Here's the thing. Outside of the oops in comment #22, which is a real crash, this problem is _not_ crashing systems. It's warning during boot. It looks like a real oops, but it's not a real oops.

Here's why: The code paths are calling cond_resched() which was added to a number of places to improve latency. Part of it checks to ensure that the code is not running with a spinlock held, in interrupt context, or some other conditions. It issues the message everyone's been reporting when it detects that. Generally, it's a good thing.

For the code that we're using here, though, init hasn't even been started yet so it _can't_ actually schedule. The warnings are cosmetic even if they're really ugly.
Comment 26 revealed revealed 2010-01-18 16:50:14 UTC
(In reply to comment #22)
> Hi there,
> 
> Which of the kernel packages shall I install now? My oiginal packages had been:

Maybe it's a good idea for you to go back to the last known usable configuration?
I tried the kernel too, and got freeze. I toasted kernel 2.6.31.8-0.1-desktop to a cd and used rpm -e (kotdkernel) and rpm -Uhv 2.6.31.8-0.1-desktop to get back to a working configuration. Freeze in my case is probably caused due to a difficult kernel choice in general which caused incompatibilities.

Greetings,

R
Comment 27 Angelika Schulz 2010-01-19 07:02:52 UTC
Good Morning, 

well, my nice little machine has an additional kernel installed from the kernel:head repository. I chose the pae kernel here, allthough I am fairly sure I won't need it with my 1.5 GB of memory. 
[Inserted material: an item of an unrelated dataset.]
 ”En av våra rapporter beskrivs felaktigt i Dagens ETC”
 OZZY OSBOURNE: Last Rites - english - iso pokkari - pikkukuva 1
kernel-pae-2.6.32-41.1.i586

Nevertheless, the other machines I install are not supposed to use that repository as well, so I just try to make sure that the other machines do _not_ install the desktop kernel. 

One machine I installed chose the default kernel, and it did not crash yet. I am installing via autoyast and have a script that will check for a specific kernel version (2.6.31.8) and will just try to downgrade the kernel as soon as it is detected.

I will now test the default kernel with my own machine and see whether the problems are gone with the normal kernels (default / pae / xen?).

I will come back with real feedback, promised!

Bye for now,
Angie.
Comment 28 Angelika Schulz 2010-01-19 10:52:07 UTC
Hi there,

I installed the following packages:

kernel-xen + kernel-xen-base: booted fine, no problems
kernel-pae + kernel-pae-baes: booted fine, no problems
kernel-default + kernel-default-base: booted fine, no problems

No errors had been reported, despite that one (but for each version):
Could not load /lib/modules/kernel-<version>/systemtap/preloadtrace.ko

I guess that's intended?

The machine I installed yesterday had "kernel-desktop-2.6.31.5-0.1.1.i586" installed fine and was running fine. Today a user logged in, started applications (KDE4 + Kontact) and the machine got an oops ... so I had to reboot the system. Having learned from the problem I started top on that machine since it was quite slow, even for a nearly empty KDE4 session .. I could see the preload_trace process using 99 percent of the CPU. 

That machine only has 512MB RAM and started swapping right after Kontact had been started - which _seemed_ to have caused the kernel oops together with the frozen system. Shortly after booting the machine I used my chance and installed kernel-default, which solved the problem completely - the machine is usable, even with the 2.6.31.8 kernel.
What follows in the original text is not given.